I decide to open up to a fellow holistic therapist about how I’m feeling. I tell her that nothing necessarily bad is happening to cause this feeling but that I sense its heaviness.
I’m choosing to carry it around and I’m not letting it go. I admit that I’m afraid, which makes me want to close down and not care in order to protect myself.
My friend instructs me to close my eyes and really get into the feeling of being scared. She tells me to allow it to grow and expand and fill my body.
I feel an energy in my chest and my stomach. It feels like fear then anger and then I relax. I open my eyes and relay this to her.
She asks if there’s any bad feeling left. I tell her there is. Sadness and grief. So I’m told to repeat the process of feeling and allowing the sadness.
I see the little girl inside of me. I feel what she’s feeling. But there’s a resistance within me. I don’t particularly want to go there now. Been there, done that.
Despite my current resistance, this year I’ve been loving myself more. When I feel bad, I remember not to reject myself. Because of this major personal breakthrough, I know that I’ll be okay.

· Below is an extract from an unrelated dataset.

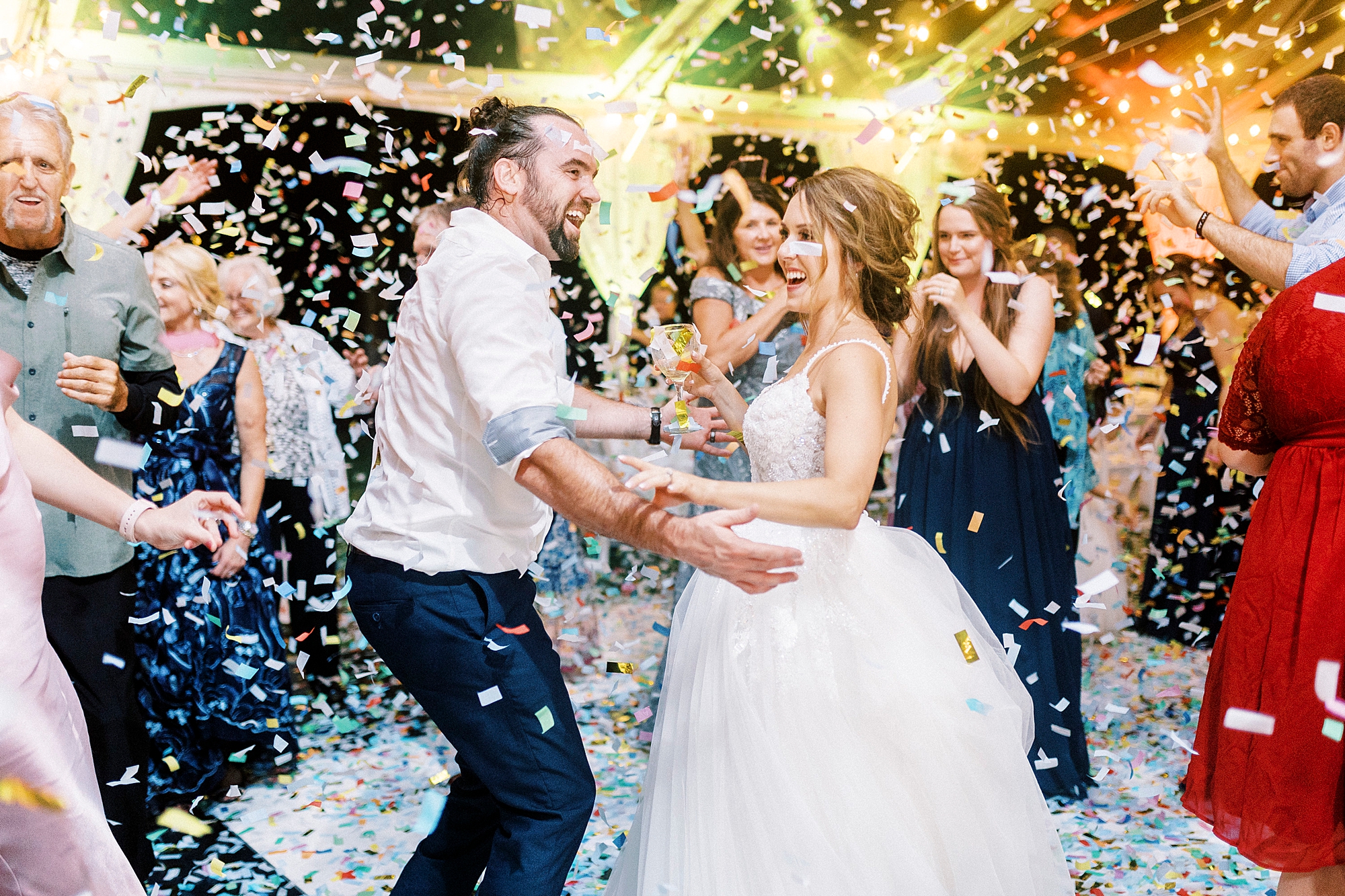 bride and groom dance during Mocksville NC wedding reception while confetti falls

My friend tells me that I’m repeating an old pattern. There really is nothing to be afraid of. I need to face my fear so that I can see that it’s just an illusion.
I already feel much better. This makes so much sense. I usually resist these bad feelings, fearing that they will control my life and affect how I behave, react and relate to others.

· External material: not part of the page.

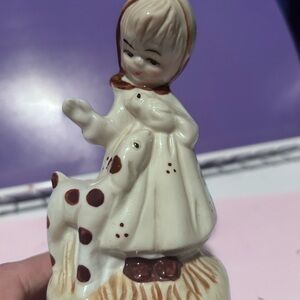Vintage musical figurine of a girl with a bird and dog- collectible from the 80s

My friend reminds me that this is where my resistance lies. I don’t want these feelings. I’m trying to avoid certain behaviours. And I’m fearing the worst possible outcome.

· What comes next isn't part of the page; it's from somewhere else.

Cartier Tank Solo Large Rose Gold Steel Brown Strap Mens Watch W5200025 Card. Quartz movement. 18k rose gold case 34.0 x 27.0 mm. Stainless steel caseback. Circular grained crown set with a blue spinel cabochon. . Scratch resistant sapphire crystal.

“Stop resisting,” my friend insists.
“Allow the feeling to take you over. That will create a shift. A letting go. Which will open you up in wonderful ways.
Open your heart. Allow yourself to be hurt. And the funny thing is, you won’t be hurt. Because the real you can never be destroyed.”
She predicts that letting go of resistance and allowing the feelings to take me over will change everything. I won’t have to worry about what might happen, how I may react or the many ways I could self-destruct.
She also warns that just because I’ve now stopped pushing against the swing of resistance doesn’t mean that it will immediately cease moving.
“Once you stop pushing the swing, it will continue to move back and forth for a while. But it will be less forceful and it will gradually swing less and less,” she smiles.
I leave my friend’s house with an unfamiliar feeling in my chest. Is it pain? Discomfort?
I allow the feeling to grow and expand until I realise what it is. My heart is open. And that’s okay.